1. Buyer and Seller generate 3 keypairs, swapping pubkeys, producing 3 2-of-2 addresses
2. Buyer deposits BTCamount to address A
3. Seller deposits BTCamount to address B
Am I right so far? How does the rest go?
You're right so far.
The magic is that the buyer and seller exchange the release transactions partially signed to each other.
qwertyoruiop's last idea is to make two addresses instead of three :
One is the payment address, the other is the bond address : let it be a multisig one and make it
so the vendor signs a transaction that sends coins back to him and other coins to buyer.
So, buyer gives up his part of the privkey to the vendor, and the payment is settled, then bonds.
Vendor creates a transaction that send half of the bond to him and the other half to the buyer, signs it, doesn't broadcast it but send it over the buyer. Buyer signs it and sends it.

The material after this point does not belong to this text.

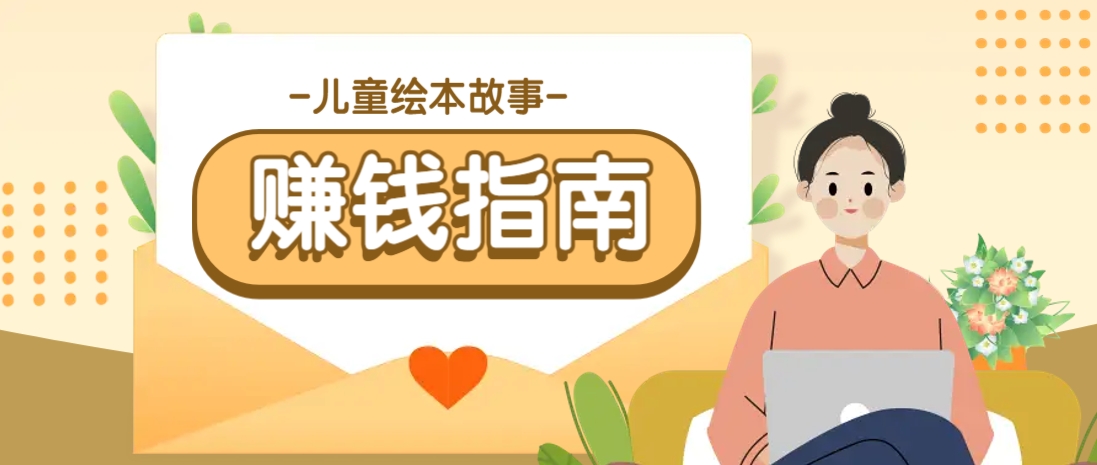 利用AI轻松制作儿童绘本故事插画玩法,可以作为你的长期变现项目-hcnxn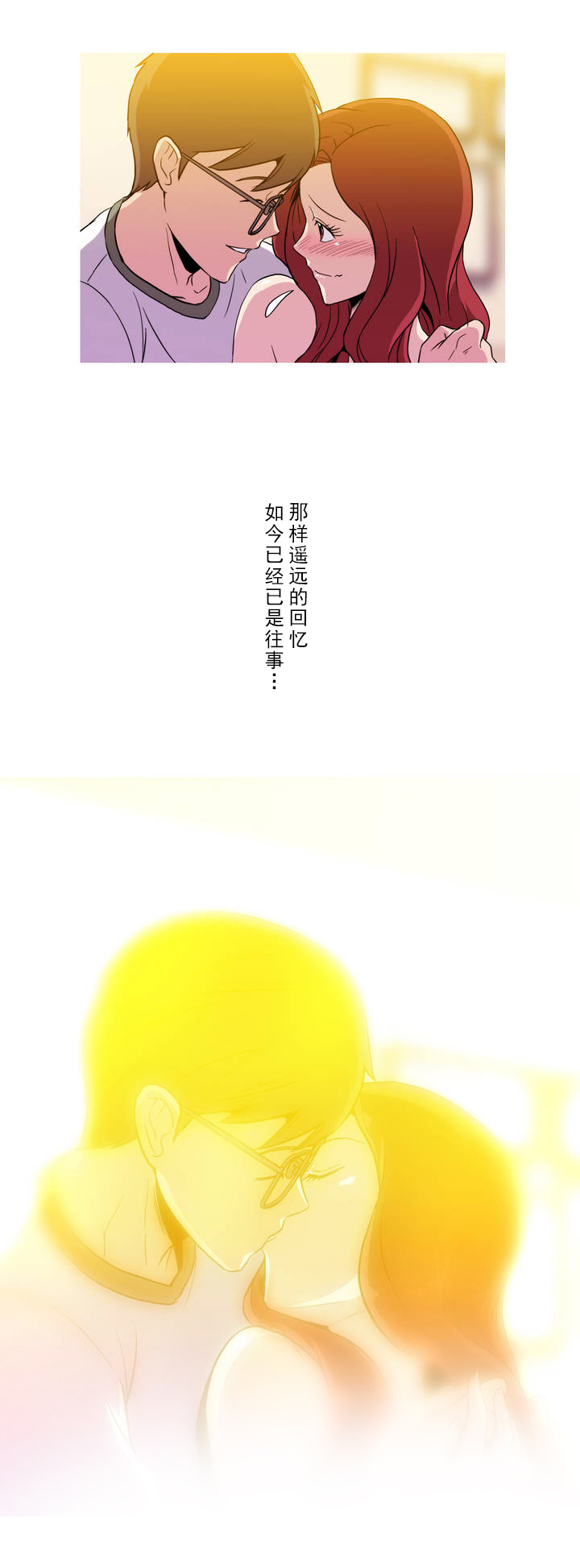 杉杉来了漫画,第9章：曾经2图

If anyone tries to cheat the system the other party will simply not allow it. This could also let buyer and vendor settle a % refund in case package goes missing.
First address contains payment, second multisig one contains bonds from both the buyer and seller. When buyer releases the payment the seller gets it, but then the seller wants the bond back. But to do it, buyer must sign the transaction. So, seller creates a transaction that gives the buyer bond back to buyer and his bond back to him. Seller signs it, sends to buyer. If buyer agrees with the settlement of bonds, it signs it : bonds are back.
Also lets say that vendor wants to give a % back to buyer because of an error or something, he can specify it and buyer gets it back as part of the bond.
Instead let's say vendor is dishonest and wants more money : buyer sees the settlement and doesn't agree, coin is lost, vendor just got his bond back from the unlocked payment, so both parties are at a loss, and coins can't be spent until they settle.
The fact that bitcoin is deflationary is what I think will incentivize the eventual resolution of aging disputes, because doing it will end up worth ridiculously more to both parties than leaving the coins locked forever (which is still a loss).